By Debra Pretty-Straathof
Regional Director, Ontario Federation of Agriculture
Premier Doug Ford announced this week that his government is moving forward with the plan to download the cost of some provincial services to municipalities. Shifting more financial responsibility to Ontario’s 444 municipalities will have implications for those residents in rural communities across the province.
Speaking at the Association of Municipalities of Ontario conference in Toronto, Premier Ford confirmed that the provincial government will be providing some $300 million less funding to our municipalities in 2020.
The Ontario Federation of Agriculture (OFA) understands that these actions put added stress on municipal budgets and leave municipal leaders with tough decisions to make about how to make up the shortfall. Many will look to property taxes as a means to make up the revenue shortfall. But OFA urges caution to municipalities that may consider imposing higher farm property taxes as a stopgap solution.
When farm property taxes go up, without a corresponding increase in services provided, the net result is to stifle overall business growth, especially for the agriculture sector, and ultimately hurt the local community.
OFA has been working diligently with municipalities for several months on understanding farm property taxes and encouraging municipalities to limit, not increase, taxes for farm property. Our approach is to have tax bills reflect the degree of services required by farm properties, while protecting farm business competitiveness.

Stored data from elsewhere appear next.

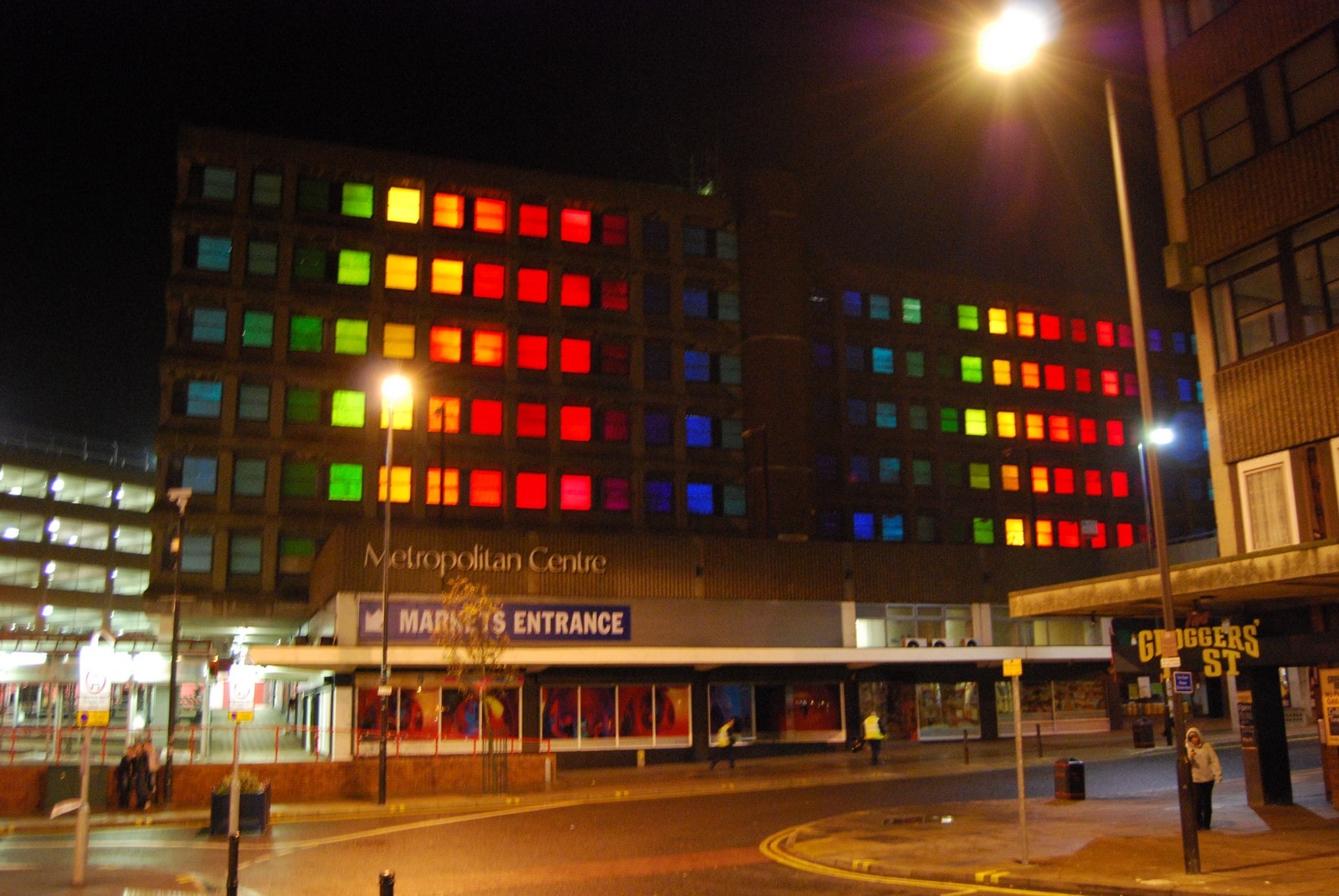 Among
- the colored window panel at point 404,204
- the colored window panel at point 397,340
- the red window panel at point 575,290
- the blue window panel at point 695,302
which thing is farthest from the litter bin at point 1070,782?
the colored window panel at point 404,204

More than ever, we need to work together to find municipal cost savings. There is potential for savings for local infrastructure improvements if we pragmatically look at needs versus available technologies. Infrastructure such as roads, bridges, culverts and drainage are critical to a successful farming sector. It is incumbent on the farm sector to not just demand low taxes but to collaborate with our municipalities to help ensure economical infrastructure.